Web working principles

Every time you open your browser, type a URL, and press enter, you will see a beautiful web page appear on your screen. But do you know what is happening behind this simple action?

Normally, your browser is a client and after you have typed a URL, it sends requests to a DNS server and gets the IP address of the URL. Then it finds the server in that IP address and asks to setup TCP connections. When the browser is finished sending HTTP requests, the server starts handling your request packages and then returns HTTP response packages to your browser. Finally, the browser renders the body of the web pages and disconnects from the server.

Figure 3.1 Processes of users visit a website

A web server also known as a HTTP server; it uses HTTP protocol to communicate with clients. All web browsers can be seen as clients.

We can divide web working principles into the following steps:

Client uses TCP/IP protocol to connect to server.
Client sends HTTP request packages to server.
Server returns HTTP response packages to client. If request resources includes dynamic scripts, then the server calls the script engine first.
Client disconnects from server, starts rendering HTML.

This a simple work flow of HTTP affairs. Notice that the server closes its connection after it has sent data to the client and then waits for the next request.

URL and DNS resolution

We are always using URL to access web pages, but do you know how URL works?
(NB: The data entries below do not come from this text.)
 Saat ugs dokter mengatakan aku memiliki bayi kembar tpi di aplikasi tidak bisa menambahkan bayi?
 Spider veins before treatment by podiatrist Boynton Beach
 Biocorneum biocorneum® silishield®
The full name of URL is Uniform Resource Locator and it's for describing resources on the internet. Its basic form is as follows.

scheme://host[:port#]/path/.../[?query-string][#anchor]
scheme         assign underlying protocol(such as HTTP, HTTPS, ftp)
host           IP or domain name of HTTP server
port#          default port is 80, and you can omit in this case. If you want to use other ports, you must to specify which port. For example, http://www.cnblogs.com:8080/
path           resources path
query-string   data are sent to server
anchor         anchor

DNS is an abbreviation of Domain Name System. It's the name system for computer network services and it converts domain name to actual IP addresses (just like a translator).
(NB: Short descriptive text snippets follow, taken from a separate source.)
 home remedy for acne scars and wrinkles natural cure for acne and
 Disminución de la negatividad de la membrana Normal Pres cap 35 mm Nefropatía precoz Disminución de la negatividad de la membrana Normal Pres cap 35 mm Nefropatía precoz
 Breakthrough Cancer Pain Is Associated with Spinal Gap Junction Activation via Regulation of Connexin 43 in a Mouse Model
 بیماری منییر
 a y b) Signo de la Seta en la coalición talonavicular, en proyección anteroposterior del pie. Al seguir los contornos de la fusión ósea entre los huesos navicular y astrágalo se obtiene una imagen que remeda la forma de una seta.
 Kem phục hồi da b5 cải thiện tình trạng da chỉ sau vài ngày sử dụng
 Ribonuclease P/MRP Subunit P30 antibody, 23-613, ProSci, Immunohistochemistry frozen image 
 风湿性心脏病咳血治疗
Figure 3.2 DNS working principles

To understand more about its working principle, let's see detailed DNS resolution process as follows.
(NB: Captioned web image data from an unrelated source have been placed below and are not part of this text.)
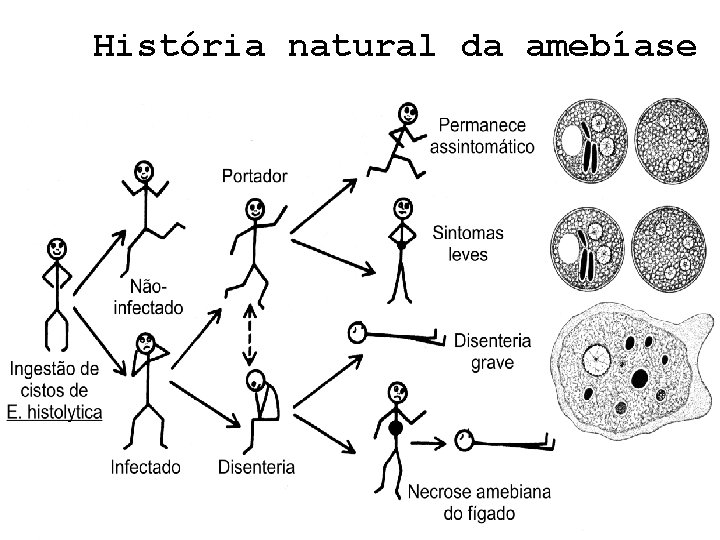 História natural da amebíase 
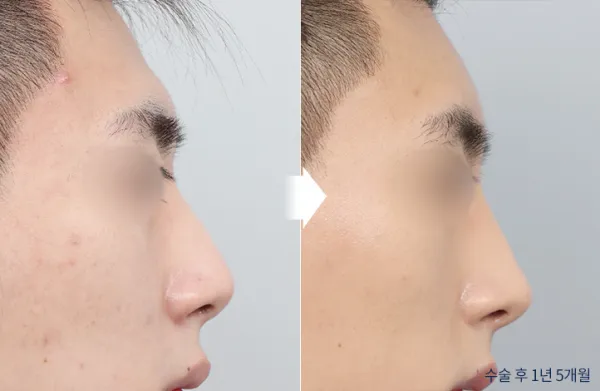 Before/After
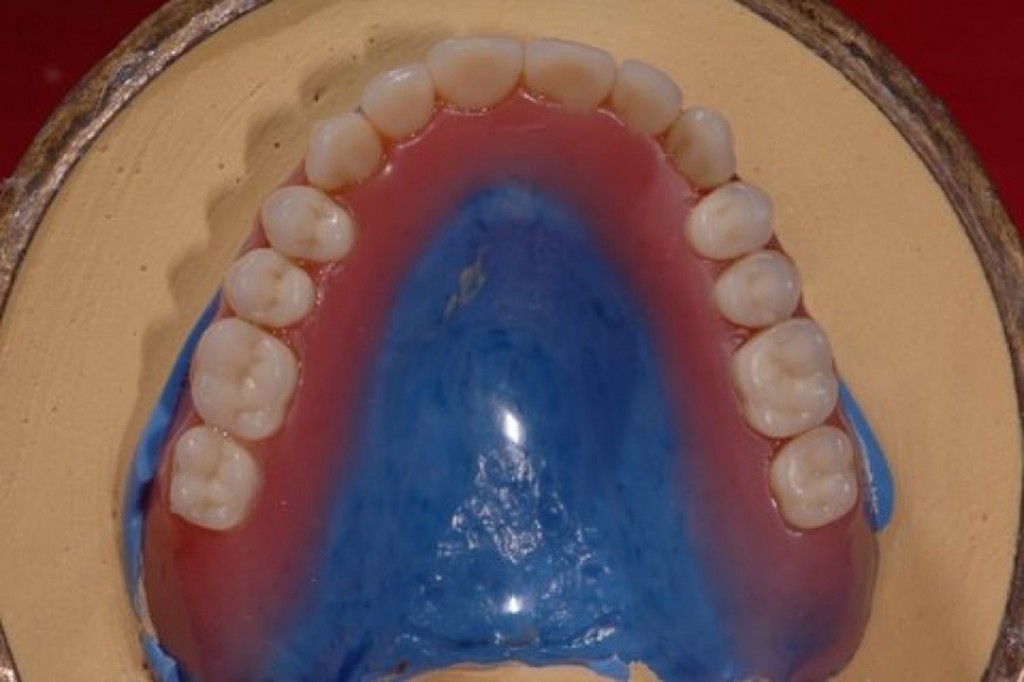 Precise Heat Cured Relines Wiand Dental Lab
After typed domain name www.qq.com in the browser, operating system will check if there is any mapping relationship in the hosts file for this domain name, if so then finished the domain name resolution.
If no mapping relationship in the hosts file, operating system will check if there is any cache in the DNS, if so then finished the domain name resolution.
If no mapping relationship in the hosts and DNS cache, operating system finds the first DNS resolution server in your TCP/IP setting, which is local DNS server at this time. When local DNS server received query, if the domain name that you want to query is contained in the local configuration of regional resources, then gives back results to the client. This DNS resolution is authoritative.
If local DNS server doesn't contain the domain name, and there is a mapping relationship in the cache, local DNS server gives back this result to client. This DNS resolution is not authoritative.
If local DNS server cannot resolve this domain name either by configuration of regional resource or cache, it gets into next step depends on the local DNS server setting. If the local DNS server doesn't enable forward mode, it sends request to root DNS server, then returns the IP of top level DNS server may know this domain name, .com in this case. If the first top level DNS server doesn't know, it sends request to next top level DNS server until the one that knows the domain name. Then the top level DNS server asks next level DNS server for qq.com, then finds the www.qq.com in some servers.
If the local DNS server enabled forward mode, it sends the request to upper level DNS server. If the upper level DNS server also doesn't know the domain name, then it keeps sending request to upper level. Whether the local DNS server enables forward mode, server's IP address of domain name returns to local DNS server, and local server sends it to clients.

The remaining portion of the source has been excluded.